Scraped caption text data
+ + + + +

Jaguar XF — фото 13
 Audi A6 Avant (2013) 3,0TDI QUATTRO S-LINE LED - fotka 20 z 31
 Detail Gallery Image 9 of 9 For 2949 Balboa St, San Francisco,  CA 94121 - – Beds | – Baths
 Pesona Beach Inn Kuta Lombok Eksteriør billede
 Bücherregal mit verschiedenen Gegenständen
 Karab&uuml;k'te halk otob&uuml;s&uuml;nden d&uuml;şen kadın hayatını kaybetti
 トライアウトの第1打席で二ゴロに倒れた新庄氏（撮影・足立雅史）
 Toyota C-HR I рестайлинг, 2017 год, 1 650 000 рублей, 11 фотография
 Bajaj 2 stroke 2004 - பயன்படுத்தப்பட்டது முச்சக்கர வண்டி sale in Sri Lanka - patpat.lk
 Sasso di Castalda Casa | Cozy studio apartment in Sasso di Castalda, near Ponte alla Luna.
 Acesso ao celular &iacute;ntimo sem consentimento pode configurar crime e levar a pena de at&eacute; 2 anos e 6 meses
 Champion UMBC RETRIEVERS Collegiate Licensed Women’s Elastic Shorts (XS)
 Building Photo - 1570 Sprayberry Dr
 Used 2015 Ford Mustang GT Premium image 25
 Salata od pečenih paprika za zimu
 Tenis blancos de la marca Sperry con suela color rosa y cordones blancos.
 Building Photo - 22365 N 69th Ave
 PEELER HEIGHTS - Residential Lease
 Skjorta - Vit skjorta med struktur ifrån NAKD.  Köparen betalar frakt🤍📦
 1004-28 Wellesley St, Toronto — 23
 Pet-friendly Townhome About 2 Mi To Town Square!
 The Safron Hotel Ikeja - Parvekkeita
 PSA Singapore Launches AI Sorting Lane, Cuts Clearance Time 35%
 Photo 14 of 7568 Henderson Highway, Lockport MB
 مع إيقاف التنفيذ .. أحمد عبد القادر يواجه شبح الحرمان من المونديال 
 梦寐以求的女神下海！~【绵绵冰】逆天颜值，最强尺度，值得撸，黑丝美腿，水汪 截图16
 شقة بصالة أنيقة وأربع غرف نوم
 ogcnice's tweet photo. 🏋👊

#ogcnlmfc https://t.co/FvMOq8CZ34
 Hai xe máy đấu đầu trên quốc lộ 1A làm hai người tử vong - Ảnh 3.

+ + + + +

* **What you need to do**
All the lines above should be written out once more, exactly.

* **Answer space**
Jaguar XF — фото 13
 Audi A6 Avant (2013) 3,0TDI QUATTRO S-LINE LED - fotka 20 z 31
 Detail Gallery Image 9 of 9 For 2949 Balboa St, San Francisco,  CA 94121 - – Beds | – Baths
 Pesona Beach Inn Kuta Lombok Eksteriør billede
 Bücherregal mit verschiedenen Gegenständen
 Karab&uuml;k'te halk otob&uuml;s&uuml;nden d&uuml;şen kadın hayatını kaybetti
 トライアウトの第1打席で二ゴロに倒れた新庄氏（撮影・足立雅史）
 Toyota C-HR I рестайлинг, 2017 год, 1 650 000 рублей, 11 фотография
 Bajaj 2 stroke 2004 - பயன்படுத்தப்பட்டது முச்சக்கர வண்டி sale in Sri Lanka - patpat.lk
 Sasso di Castalda Casa | Cozy studio apartment in Sasso di Castalda, near Ponte alla Luna.
 Acesso ao celular &iacute;ntimo sem consentimento pode configurar crime e levar a pena de at&eacute; 2 anos e 6 meses
 Champion UMBC RETRIEVERS Collegiate Licensed Women’s Elastic Shorts (XS)
 Building Photo - 1570 Sprayberry Dr
 Used 2015 Ford Mustang GT Premium image 25
 Salata od pečenih paprika za zimu
 Tenis blancos de la marca Sperry con suela color rosa y cordones blancos.
 Building Photo - 22365 N 69th Ave
 PEELER HEIGHTS - Residential Lease
 Skjorta - Vit skjorta med struktur ifrån NAKD.  Köparen betalar frakt🤍📦
 1004-28 Wellesley St, Toronto — 23
 Pet-friendly Townhome About 2 Mi To Town Square!
 The Safron Hotel Ikeja - Parvekkeita
 PSA Singapore Launches AI Sorting Lane, Cuts Clearance Time 35%
 Photo 14 of 7568 Henderson Highway, Lockport MB
 مع إيقاف التنفيذ .. أحمد عبد القادر يواجه شبح الحرمان من المونديال 
 梦寐以求的女神下海！~【绵绵冰】逆天颜值，最强尺度，值得撸，黑丝美腿，水汪 截图16
 شقة بصالة أنيقة وأربع غرف نوم
 ogcnice's tweet photo. 🏋👊

#ogcnlmfc https://t.co/FvMOq8CZ34
 Hai xe máy đấu đầu trên quốc lộ 1A làm hai người tử vong - Ảnh 3.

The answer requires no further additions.